Spring naar de content

De buitenlandse leiders die Boris Johnson (grondig) beledigde

De keuze voor Boris Johnson als Britse minister van Buitenlandse Zaken is een opmerkelijke, en daar zijn meerdere argumenten voor op te voeren. Eén daarvan is dat je van de persoon in zo’n functie mag verwachten dat hij of zij over sterke diplomatieke vaardigheden beschikt, dat hij of zij zich kan opstellen als bruggenbouwer.
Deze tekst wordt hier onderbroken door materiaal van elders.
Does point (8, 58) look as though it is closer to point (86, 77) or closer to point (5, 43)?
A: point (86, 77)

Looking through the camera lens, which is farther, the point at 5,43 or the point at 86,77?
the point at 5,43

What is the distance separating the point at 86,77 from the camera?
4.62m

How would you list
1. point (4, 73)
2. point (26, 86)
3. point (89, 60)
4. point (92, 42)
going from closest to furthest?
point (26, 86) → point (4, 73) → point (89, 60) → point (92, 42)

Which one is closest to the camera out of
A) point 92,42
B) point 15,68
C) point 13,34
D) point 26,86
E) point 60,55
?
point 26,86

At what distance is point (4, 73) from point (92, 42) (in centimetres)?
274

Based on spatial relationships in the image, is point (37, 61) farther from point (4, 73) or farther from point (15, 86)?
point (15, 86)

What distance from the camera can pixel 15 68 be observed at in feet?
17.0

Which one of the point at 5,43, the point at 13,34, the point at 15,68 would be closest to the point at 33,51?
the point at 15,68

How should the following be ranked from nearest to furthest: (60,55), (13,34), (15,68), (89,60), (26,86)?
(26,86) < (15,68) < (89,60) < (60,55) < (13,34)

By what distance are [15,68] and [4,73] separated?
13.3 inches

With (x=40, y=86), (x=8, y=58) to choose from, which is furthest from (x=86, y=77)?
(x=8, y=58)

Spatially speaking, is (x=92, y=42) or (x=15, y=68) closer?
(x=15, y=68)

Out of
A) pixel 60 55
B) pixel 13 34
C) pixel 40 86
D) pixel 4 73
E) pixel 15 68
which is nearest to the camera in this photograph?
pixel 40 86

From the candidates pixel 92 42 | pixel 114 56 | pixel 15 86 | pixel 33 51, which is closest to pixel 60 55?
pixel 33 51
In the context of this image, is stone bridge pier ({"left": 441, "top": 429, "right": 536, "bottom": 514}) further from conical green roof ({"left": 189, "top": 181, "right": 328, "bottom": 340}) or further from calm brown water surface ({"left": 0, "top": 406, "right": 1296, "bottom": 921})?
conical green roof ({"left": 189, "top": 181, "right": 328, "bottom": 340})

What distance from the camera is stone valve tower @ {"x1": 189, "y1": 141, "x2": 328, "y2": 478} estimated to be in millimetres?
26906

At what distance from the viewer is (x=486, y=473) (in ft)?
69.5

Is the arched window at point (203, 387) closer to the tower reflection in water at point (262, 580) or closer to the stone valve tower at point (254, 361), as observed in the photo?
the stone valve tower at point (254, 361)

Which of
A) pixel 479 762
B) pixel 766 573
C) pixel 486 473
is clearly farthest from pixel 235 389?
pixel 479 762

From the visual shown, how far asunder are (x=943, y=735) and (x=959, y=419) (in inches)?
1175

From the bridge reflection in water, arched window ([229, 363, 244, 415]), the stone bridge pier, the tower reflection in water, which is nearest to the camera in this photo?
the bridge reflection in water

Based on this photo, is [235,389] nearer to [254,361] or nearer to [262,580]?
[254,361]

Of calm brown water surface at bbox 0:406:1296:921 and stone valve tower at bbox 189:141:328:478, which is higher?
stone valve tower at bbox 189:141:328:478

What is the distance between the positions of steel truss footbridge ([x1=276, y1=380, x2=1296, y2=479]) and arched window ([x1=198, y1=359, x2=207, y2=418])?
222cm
Uitspraken van Johnson uit het verleden wekken toch een andere indruk van hem. To put it mildly. 

Gepubliceerd op: Geplaatst in de volgende categorieën:
Geschreven door: De Redactie

Het Amerikaanse tijdschrift The Atlantic spitte door het politieke ‘oeuvre’ van Johnson, een doorgewinterd journalist die een plekje in het Britse schaduwkabinet verkreeg en het schopte tot burgemeester van Londen. Eurosceptische sentimenten postvatten tijdens zijn journalistieke carrière, waarna Johnson zich ontpopt als een van de aanjagers van de – succesvolle – Brexit-campagne.
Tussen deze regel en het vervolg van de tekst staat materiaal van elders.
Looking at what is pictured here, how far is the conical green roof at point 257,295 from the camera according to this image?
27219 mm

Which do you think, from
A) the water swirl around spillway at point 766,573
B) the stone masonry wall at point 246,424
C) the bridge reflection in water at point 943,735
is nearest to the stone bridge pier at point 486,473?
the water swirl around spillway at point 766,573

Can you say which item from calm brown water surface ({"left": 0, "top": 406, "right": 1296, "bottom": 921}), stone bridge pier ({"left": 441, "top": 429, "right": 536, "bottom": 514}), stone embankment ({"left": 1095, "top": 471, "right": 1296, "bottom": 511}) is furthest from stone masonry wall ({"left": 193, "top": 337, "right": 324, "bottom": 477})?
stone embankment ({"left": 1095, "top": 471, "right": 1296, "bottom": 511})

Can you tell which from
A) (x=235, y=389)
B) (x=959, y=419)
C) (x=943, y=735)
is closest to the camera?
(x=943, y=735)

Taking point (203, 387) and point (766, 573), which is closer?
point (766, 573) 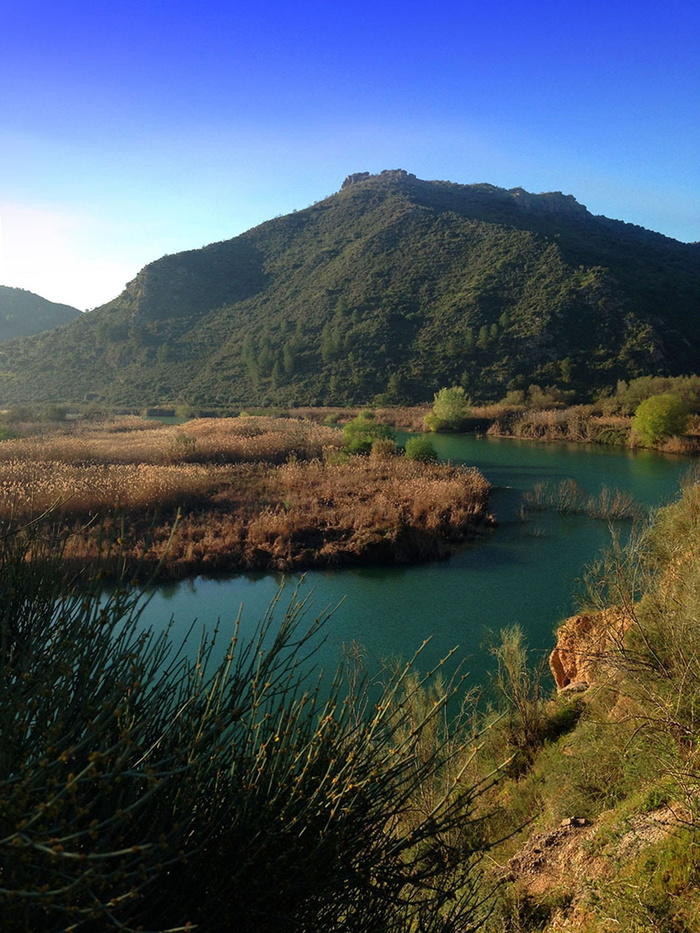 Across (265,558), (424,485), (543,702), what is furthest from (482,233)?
(543,702)

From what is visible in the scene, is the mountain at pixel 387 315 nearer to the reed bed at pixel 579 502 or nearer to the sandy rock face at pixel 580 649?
the reed bed at pixel 579 502

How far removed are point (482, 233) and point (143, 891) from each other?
79.8 metres

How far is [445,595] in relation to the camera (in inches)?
667

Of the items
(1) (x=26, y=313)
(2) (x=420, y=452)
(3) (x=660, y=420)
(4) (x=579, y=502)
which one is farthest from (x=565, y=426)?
(1) (x=26, y=313)

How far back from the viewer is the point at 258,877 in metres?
2.81

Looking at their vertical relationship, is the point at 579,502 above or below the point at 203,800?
below

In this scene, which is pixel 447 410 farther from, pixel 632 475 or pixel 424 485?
pixel 424 485

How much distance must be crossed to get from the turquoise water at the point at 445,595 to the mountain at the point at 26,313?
105 meters

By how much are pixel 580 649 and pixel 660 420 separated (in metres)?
32.8

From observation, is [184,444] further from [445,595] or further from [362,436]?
[445,595]

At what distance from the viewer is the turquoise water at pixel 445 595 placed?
1376 centimetres

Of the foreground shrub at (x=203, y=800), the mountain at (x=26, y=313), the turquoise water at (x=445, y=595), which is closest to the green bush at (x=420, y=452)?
the turquoise water at (x=445, y=595)

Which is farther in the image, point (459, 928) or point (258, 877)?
point (459, 928)

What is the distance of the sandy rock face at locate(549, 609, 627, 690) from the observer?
9438mm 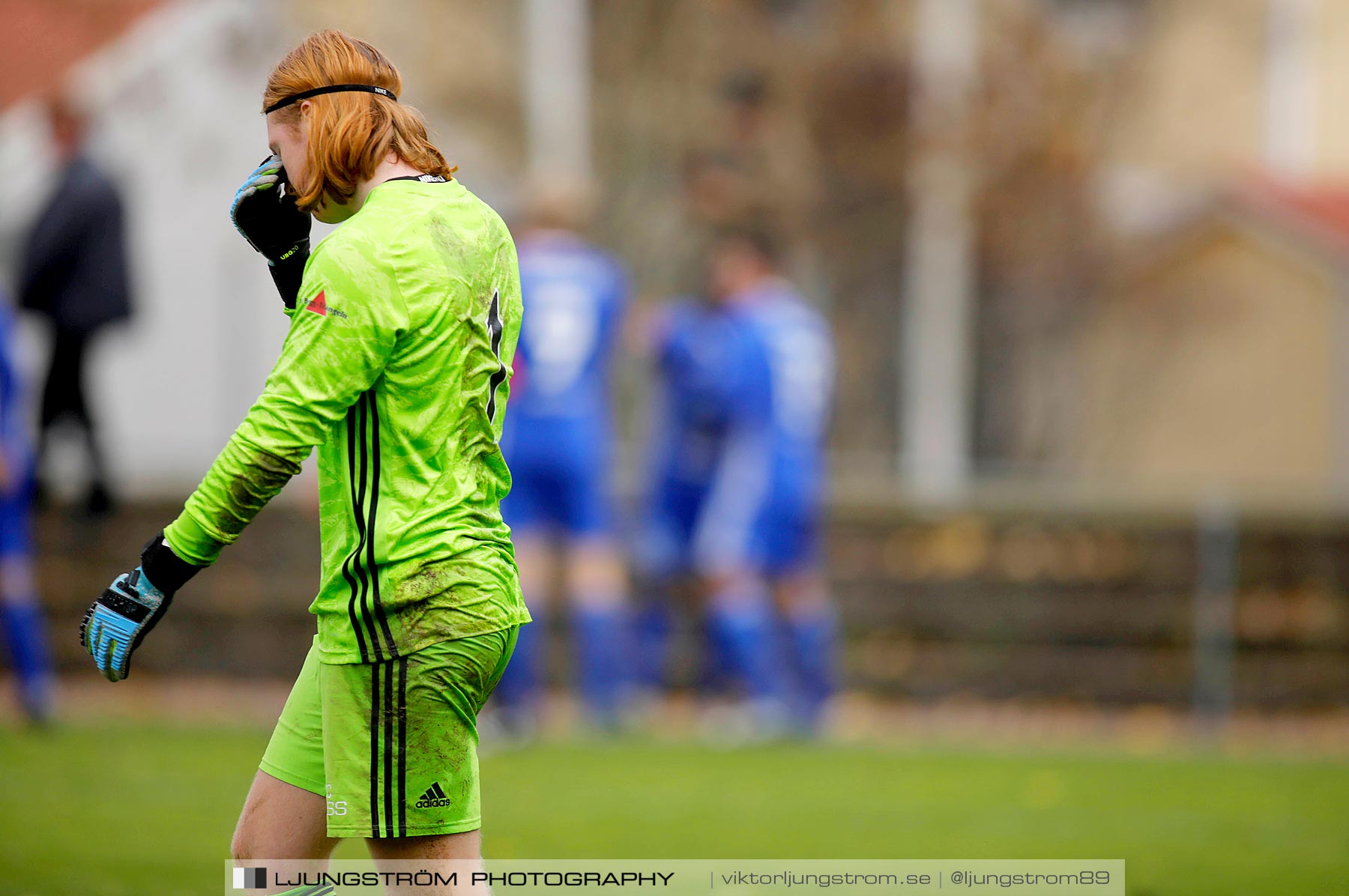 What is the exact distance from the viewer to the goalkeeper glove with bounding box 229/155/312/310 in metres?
3.39

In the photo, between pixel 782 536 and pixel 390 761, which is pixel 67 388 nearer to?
pixel 782 536

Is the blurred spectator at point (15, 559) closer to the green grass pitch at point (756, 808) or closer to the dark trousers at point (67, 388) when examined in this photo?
the green grass pitch at point (756, 808)

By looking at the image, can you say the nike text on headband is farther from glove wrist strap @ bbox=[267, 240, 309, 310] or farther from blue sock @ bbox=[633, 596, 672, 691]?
blue sock @ bbox=[633, 596, 672, 691]

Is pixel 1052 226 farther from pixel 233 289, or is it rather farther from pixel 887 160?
pixel 233 289

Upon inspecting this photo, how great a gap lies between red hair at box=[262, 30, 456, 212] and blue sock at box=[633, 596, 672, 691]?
744cm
In een column in The Sun verweet Johnson dit jaar, in aanloop naar het referendum, dat president Obama de zijde van de Bremain-campagne koos. Specifieker, hij noemde de houding van het Amerikaanse staatshoofd ‘incoherent, inconsistent and downright hypocritical‘, omdat de Amerikanen zelf nooit zoveel soevereiniteit uit handen zouden geven.

Obama’s voorganger George W. Bush noemde Johnson, toen nog redacteur van The Spectator: ‘a cross-eyed Texan warmonger, unelected, inarticulate, who epitomizes the arrogance of American foreign policy‘.

Mocht de Democratische Hillary Clinton dit jaar het stokje van Barack Obama overnemen, dan heeft Johnson ook wat uit te leggen. Hij omschreef de presidentskandidaat als: ‘She’s got dyed blonde hair and pouty lips, and a steely blue stare, like a sadistic nurse in a mental hospital.’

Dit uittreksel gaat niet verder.